Records for this task: Begin

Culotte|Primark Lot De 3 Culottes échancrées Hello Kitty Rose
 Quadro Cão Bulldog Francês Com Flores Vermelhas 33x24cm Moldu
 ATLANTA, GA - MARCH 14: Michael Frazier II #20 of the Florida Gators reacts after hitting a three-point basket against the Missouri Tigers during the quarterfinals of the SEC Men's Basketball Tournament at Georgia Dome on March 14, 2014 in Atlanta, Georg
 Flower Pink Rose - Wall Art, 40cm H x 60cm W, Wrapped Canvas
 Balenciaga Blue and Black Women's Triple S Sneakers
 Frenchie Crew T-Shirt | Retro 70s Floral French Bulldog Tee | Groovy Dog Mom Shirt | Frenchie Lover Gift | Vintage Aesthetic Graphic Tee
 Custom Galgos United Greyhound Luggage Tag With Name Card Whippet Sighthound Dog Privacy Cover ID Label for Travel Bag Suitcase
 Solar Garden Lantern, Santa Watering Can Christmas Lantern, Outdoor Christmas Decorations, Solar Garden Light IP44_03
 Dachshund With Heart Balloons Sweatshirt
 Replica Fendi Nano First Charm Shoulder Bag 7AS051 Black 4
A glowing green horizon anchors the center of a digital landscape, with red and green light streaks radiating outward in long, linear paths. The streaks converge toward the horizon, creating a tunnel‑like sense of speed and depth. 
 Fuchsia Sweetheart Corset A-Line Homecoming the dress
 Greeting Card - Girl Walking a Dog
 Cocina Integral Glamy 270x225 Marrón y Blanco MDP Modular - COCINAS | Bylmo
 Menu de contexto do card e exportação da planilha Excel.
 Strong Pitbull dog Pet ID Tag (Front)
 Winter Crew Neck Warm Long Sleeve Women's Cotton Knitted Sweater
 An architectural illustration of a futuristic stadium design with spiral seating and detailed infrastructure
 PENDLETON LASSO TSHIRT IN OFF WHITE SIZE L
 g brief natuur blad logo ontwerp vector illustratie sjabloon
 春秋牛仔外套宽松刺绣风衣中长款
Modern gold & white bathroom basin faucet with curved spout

Records for this task: End

Repeat the data above starting at the line with "春秋牛仔外套宽松刺绣风衣中长款" and ending at its last line, exactly, with no other lines.

 春秋牛仔外套宽松刺绣风衣中长款
Modern gold & white bathroom basin faucet with curved spout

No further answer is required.